# What the task requires
When you reach the line containing "Men in gray" in the entries below, start writing out each line exactly, and stop after the line containing "balcony and grouted.".

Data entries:

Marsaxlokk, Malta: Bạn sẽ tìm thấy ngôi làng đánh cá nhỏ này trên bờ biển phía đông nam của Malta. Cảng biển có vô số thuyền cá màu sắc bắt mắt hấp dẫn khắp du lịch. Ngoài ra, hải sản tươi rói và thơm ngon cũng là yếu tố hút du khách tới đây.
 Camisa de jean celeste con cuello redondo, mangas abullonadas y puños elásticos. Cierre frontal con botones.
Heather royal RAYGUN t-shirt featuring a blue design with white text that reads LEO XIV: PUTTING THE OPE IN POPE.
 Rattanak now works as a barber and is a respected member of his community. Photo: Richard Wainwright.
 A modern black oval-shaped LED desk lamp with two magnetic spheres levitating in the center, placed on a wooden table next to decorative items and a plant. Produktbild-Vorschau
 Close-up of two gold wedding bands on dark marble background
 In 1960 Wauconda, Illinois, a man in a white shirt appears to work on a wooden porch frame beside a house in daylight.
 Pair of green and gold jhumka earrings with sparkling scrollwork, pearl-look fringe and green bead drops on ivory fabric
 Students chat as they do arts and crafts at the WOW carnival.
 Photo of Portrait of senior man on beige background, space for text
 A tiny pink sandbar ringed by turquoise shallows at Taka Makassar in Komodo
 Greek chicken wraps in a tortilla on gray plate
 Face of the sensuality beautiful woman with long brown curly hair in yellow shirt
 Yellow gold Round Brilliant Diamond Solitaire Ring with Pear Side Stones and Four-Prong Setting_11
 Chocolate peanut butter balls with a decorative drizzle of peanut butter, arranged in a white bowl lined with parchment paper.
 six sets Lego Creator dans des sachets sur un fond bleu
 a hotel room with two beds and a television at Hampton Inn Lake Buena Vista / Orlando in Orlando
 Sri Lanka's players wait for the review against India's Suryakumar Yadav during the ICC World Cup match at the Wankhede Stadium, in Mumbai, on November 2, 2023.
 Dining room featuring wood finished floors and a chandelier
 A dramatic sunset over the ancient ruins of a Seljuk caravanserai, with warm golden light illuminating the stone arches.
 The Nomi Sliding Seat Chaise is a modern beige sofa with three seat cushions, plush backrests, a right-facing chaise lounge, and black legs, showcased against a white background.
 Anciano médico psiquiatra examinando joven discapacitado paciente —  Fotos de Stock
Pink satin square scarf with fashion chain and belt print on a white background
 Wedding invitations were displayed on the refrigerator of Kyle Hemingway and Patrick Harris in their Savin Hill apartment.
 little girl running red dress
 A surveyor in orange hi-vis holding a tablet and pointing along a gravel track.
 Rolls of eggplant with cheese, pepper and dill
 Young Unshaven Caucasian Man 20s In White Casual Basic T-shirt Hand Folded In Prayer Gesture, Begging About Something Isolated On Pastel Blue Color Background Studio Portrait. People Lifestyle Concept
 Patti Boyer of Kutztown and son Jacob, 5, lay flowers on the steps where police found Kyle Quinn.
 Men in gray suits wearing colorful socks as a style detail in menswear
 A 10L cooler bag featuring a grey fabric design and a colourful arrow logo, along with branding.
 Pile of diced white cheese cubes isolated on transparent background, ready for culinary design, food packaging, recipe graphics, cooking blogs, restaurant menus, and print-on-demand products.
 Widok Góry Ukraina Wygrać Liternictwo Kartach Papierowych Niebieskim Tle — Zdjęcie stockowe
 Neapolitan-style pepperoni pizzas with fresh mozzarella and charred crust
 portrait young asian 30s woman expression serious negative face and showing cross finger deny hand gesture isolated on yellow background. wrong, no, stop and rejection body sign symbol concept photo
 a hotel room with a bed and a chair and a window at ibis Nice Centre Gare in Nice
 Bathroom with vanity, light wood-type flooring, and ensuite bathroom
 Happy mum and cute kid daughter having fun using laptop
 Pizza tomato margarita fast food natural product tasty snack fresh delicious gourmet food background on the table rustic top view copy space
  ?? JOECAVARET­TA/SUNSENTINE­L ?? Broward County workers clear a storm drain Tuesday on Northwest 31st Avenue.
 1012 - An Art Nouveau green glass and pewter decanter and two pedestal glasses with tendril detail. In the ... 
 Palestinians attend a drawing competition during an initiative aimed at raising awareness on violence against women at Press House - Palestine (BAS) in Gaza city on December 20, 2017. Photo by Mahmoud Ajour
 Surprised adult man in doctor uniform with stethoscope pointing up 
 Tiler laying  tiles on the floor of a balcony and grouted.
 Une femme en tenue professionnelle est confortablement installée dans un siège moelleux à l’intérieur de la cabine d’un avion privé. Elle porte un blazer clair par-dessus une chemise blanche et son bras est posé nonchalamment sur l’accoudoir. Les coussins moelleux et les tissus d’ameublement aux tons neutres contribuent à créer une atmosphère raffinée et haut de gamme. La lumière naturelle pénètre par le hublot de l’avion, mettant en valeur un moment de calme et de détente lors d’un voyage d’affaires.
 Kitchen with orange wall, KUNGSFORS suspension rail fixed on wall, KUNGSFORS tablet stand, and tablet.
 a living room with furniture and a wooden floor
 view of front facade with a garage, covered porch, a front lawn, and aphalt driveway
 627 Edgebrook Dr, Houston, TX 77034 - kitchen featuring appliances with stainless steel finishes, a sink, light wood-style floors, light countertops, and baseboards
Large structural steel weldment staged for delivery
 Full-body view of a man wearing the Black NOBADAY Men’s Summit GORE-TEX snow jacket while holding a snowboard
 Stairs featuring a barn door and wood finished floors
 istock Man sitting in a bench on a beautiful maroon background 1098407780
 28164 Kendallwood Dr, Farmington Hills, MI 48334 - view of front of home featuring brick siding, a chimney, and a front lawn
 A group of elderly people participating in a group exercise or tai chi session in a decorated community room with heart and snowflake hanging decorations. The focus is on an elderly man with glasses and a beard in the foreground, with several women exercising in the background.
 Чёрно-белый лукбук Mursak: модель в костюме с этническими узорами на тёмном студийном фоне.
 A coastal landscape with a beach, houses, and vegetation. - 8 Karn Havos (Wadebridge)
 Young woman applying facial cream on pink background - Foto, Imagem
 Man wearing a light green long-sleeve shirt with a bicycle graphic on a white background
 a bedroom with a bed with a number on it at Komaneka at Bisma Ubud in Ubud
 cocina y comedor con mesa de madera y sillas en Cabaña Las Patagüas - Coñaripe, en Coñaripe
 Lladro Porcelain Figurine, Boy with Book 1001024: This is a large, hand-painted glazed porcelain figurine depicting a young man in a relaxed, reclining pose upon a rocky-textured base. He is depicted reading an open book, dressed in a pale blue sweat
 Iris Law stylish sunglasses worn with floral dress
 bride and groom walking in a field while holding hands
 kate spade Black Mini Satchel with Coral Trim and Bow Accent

# Result for this task
 Men in gray suits wearing colorful socks as a style detail in menswear
 A 10L cooler bag featuring a grey fabric design and a colourful arrow logo, along with branding.
 Pile of diced white cheese cubes isolated on transparent background, ready for culinary design, food packaging, recipe graphics, cooking blogs, restaurant menus, and print-on-demand products.
 Widok Góry Ukraina Wygrać Liternictwo Kartach Papierowych Niebieskim Tle — Zdjęcie stockowe
 Neapolitan-style pepperoni pizzas with fresh mozzarella and charred crust
 portrait young asian 30s woman expression serious negative face and showing cross finger deny hand gesture isolated on yellow background. wrong, no, stop and rejection body sign symbol concept photo
 a hotel room with a bed and a chair and a window at ibis Nice Centre Gare in Nice
 Bathroom with vanity, light wood-type flooring, and ensuite bathroom
 Happy mum and cute kid daughter having fun using laptop
 Pizza tomato margarita fast food natural product tasty snack fresh delicious gourmet food background on the table rustic top view copy space
  ?? JOECAVARET­TA/SUNSENTINE­L ?? Broward County workers clear a storm drain Tuesday on Northwest 31st Avenue.
 1012 - An Art Nouveau green glass and pewter decanter and two pedestal glasses with tendril detail. In the ... 
 Palestinians attend a drawing competition during an initiative aimed at raising awareness on violence against women at Press House - Palestine (BAS) in Gaza city on December 20, 2017. Photo by Mahmoud Ajour
 Surprised adult man in doctor uniform with stethoscope pointing up 
 Tiler laying  tiles on the floor of a balcony and grouted.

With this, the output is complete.